Challenge Six- The final leg is probably the most traveled portion of the Barr Trail. It is relatively an easy hike with two small incline sections that actually feel good from the constant down hill stride you have been doing since the summit. This section is also straight with minimal switchbacks. The six remaining miles will go rather quickly; after the brief incline sections you walk on a ridge overlooking the forest valley until you make it to No Name creek. At this point there is another relatively calm walk with rock formations on your left and the creek on your right. This is the time you start getting glimpses of Manitou below and Colorado Springs beyond. Although it still looks far, it is only approximately an hour to the end of your hike. You will pass through a rock arch that is the gateway to more traffic. The Barr Trail links up with the infamous, hard-core, physical challenge “The Incline”, where many runners are going to pass you on a narrow stretch of switch backs as you descend on Manitou. Listen closely and when you here the river you have 15 minutes to the conclusion of your hike. Hike the final few switch backs with some swagger, you just crossed over a fourteener from one side to the other, a very difficult task. At the bottom is the Barr Trailhead and your ride back to your vehicle!
Pikes Peak is a bi-polar mountain.
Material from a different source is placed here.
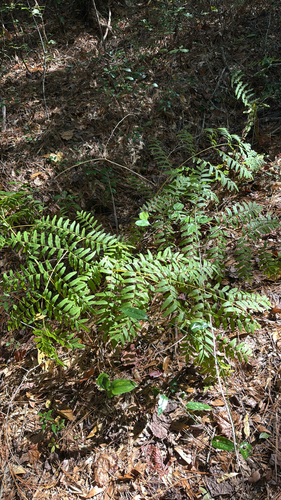 Osmunda regalis observed 2026-10-26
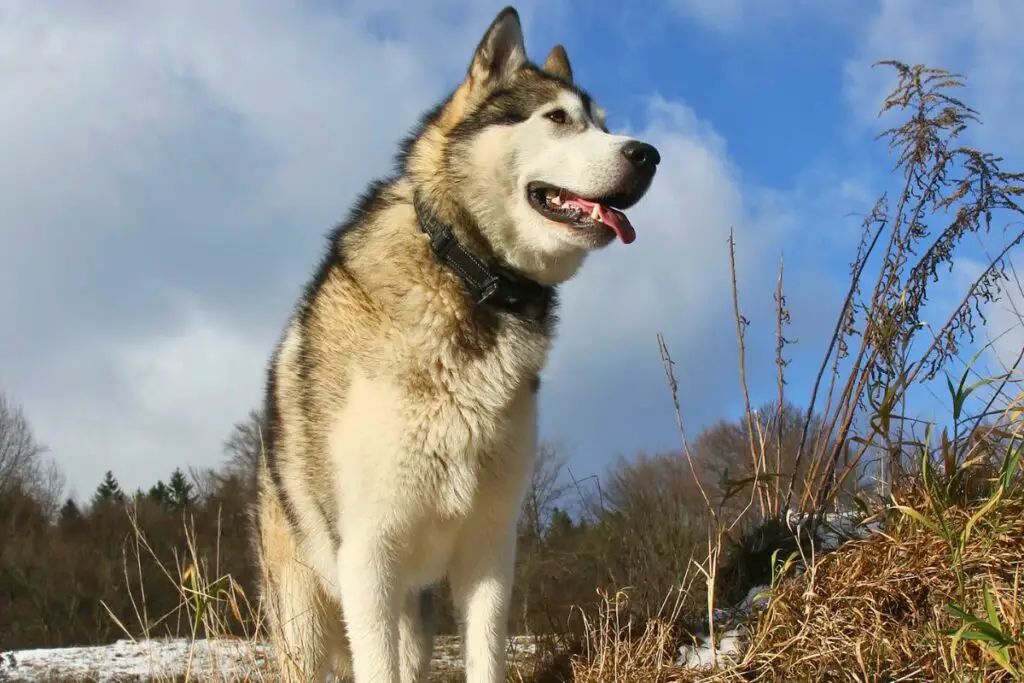 kleine Hunde gut zum Wandern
One side is kind, sweet, memorable, and calm. The other is brutal, cold, strenuous, and unforgiving. I realize that I walked up one side and down the other which could taint my opinion of each. However, the Crags side is for the more advanced hiker, and the Barr side is for those that want to do a 14er for the first time. In my personal opinion, I love both. The Crags pushes you to a limit, makes you use a higher level of hiking skill, and has mountain vistas that stretch beyond the imagination. The Barr Trail is an endurance challenge, yet through a gradual process. It takes strength and determination to complete, but you are always encouraged by others that frequent the trail to push on. The vistas of the city, and the eastern plains take your breath away. Altogether this is a great hike, challenging and rewarding. Approximately 20 miles over America’s mountain provides perspective of the importance of this mountain in the context of American history, but also provides a sense of inner peace as the words of the legendary song America beckons (written on top of Pikes Peak), “O beautiful for spacious skies, For amber waves of grain, For purple mountain majesty, above the fruited plain!”